Arabidopsis nucleoside diphosphate kinase-2 as a plant GTPase activating protein

Nucleoside diphosphate kinase (NDPK) is involved in multiple signaling pathways in mammalian systems, including G-protein signaling. Arabidopsis NDPK2, like its mammalian counterparts, is multifunctional despite its initial discovery phytochrome-interacting protein. This similarity raises the possibility that NDPK2 may play a role in G-protein signaling in plants. In the present study, we explore the potential relationship between NDPK2 and the small G proteins, Pra2 and Pra3, as well as the heterotrimeric G protein, GPA1. We report a physical interaction between NDPK2 and these small G proteins, and demonstrate that NDPK2 can stimulate their GTPase activities. Our results suggest that NDPK2 acts as a GTPase-activating protein for small G proteins in plants. We propose that NDPK2 might be a missing link between the phytochromemediated light signaling and G protein-mediated signaling.

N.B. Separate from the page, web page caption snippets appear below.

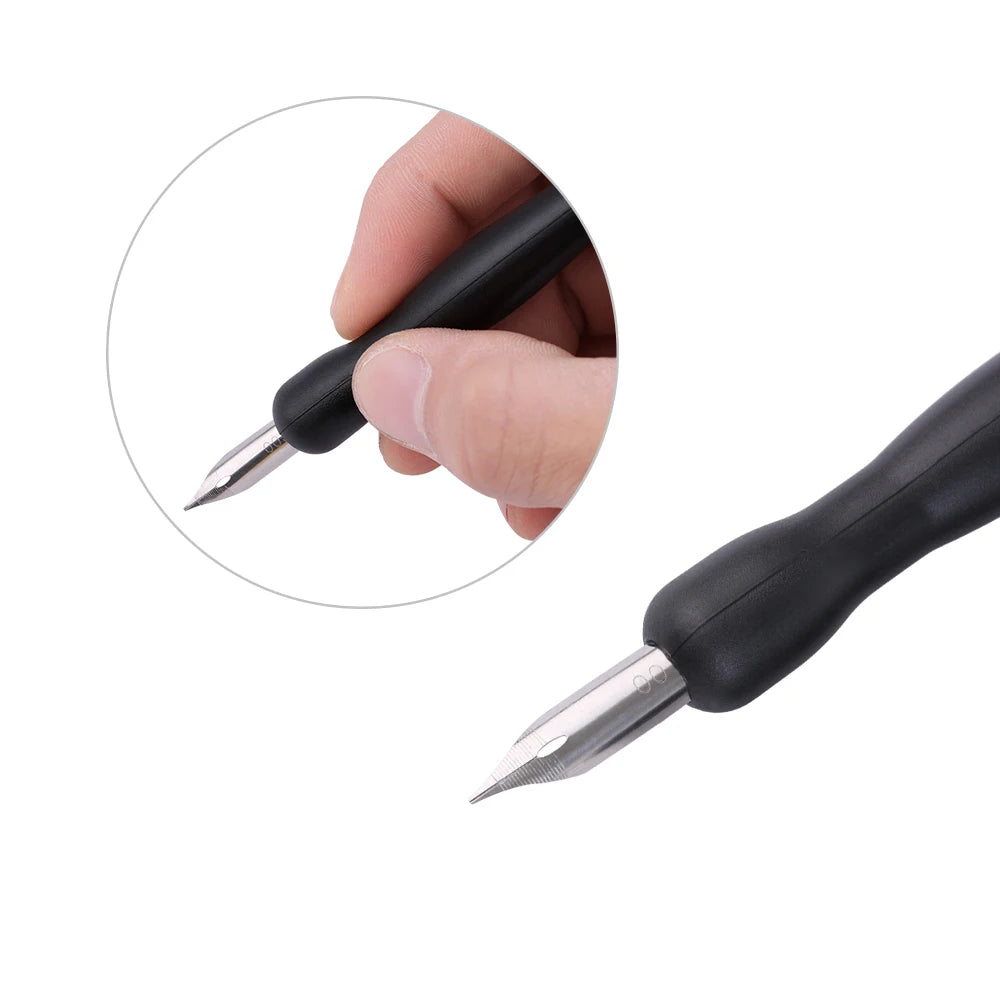 Manga Dip Pen Set – 5 Nibs, 2 Holders &amp; Eraser for Drawing &amp; Calligraphy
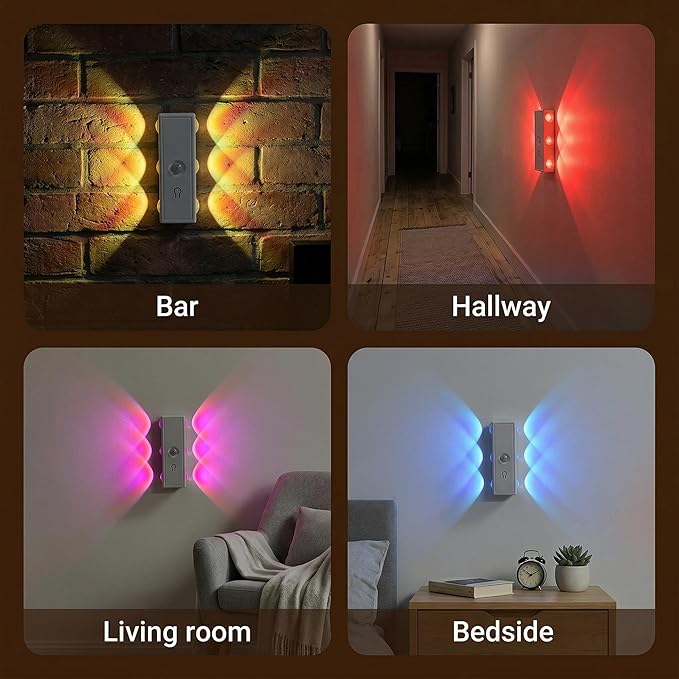 Motion Sensor Wall Light, Peel and Stick On Sconces Set of 2, Rechargeable Wireless No Drill Indoor Lamp with Remote, RGB Dimmable Magnetic Mount for Hallway Stair Bedroom Closet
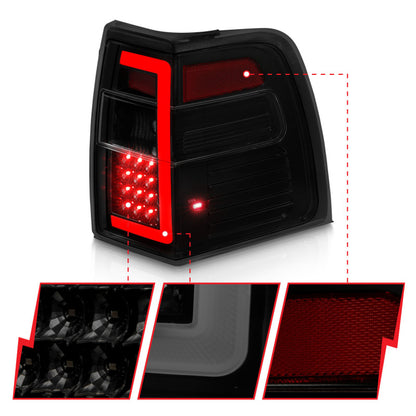 ANZO FORD EXPEDITION 07-17 LED C BAR TAIL LIGHTS BLACK SMOKE LENS W/ SEQUENTIAL SIGNAL - 311409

Emerging roles for protein histidine phosphorylation in cellular signal transduction: lessons from the islet beta-cell

Protein phosphorylation represents one of the key regulatory events in physiological insulin secretion from the islet β-cell. In this context, several classes of protein kinases (e.g. calcium-, cyclic nucleotide- and phospholipid-dependent protein kinases and tyrosine kinases) have been characterized in the β-cell. The majority of phosphorylated amino acids identified include phosphoserine, phosphothreonine and phosphotyrosine. Protein histidine phosphorylation has been implicated in the prokaryotic and eukaryotic cellular signal transduction. Most notably, phoshohistidine accounts for 6% of total protein phosphorylation in eukaryotes, which makes it nearly 100-fold more abundant than phosphotyrosine, but less abundant than phosphoserine and phosphothreonine. However, very little is known about the number of proteins with phosphohistidines, since they are highly labile and are rapidly lost during phosphoamino acid identification under standard experimental conditions. The overall objectives of this review are to: (i) summarize the existing evidence indicating the subcellular distribution and characterization of various histidine kinases in the islet β-cell, (ii) describe evidence for functional regulation of these kinases by agonists of insulin secretion, (iii) present a working model to implicate novel regulatory roles for histidine kinases in the receptor-independent activation, by glucose, of G-proteins endogenous to the β-cell, (iv) summarize evidence supporting the localization of protein histidine phosphatases in the islet β-cell and (v) highlight experimental evidence suggesting potential defects in the histidine kinase signalling cascade in islets derived from the Goto-Kakizaki (GK) rat, a model for type 2 diabetes. Potential avenues for future research to further decipher regulatory roles for protein histidine phosphorylation in physiological insulin secretion are also discussed.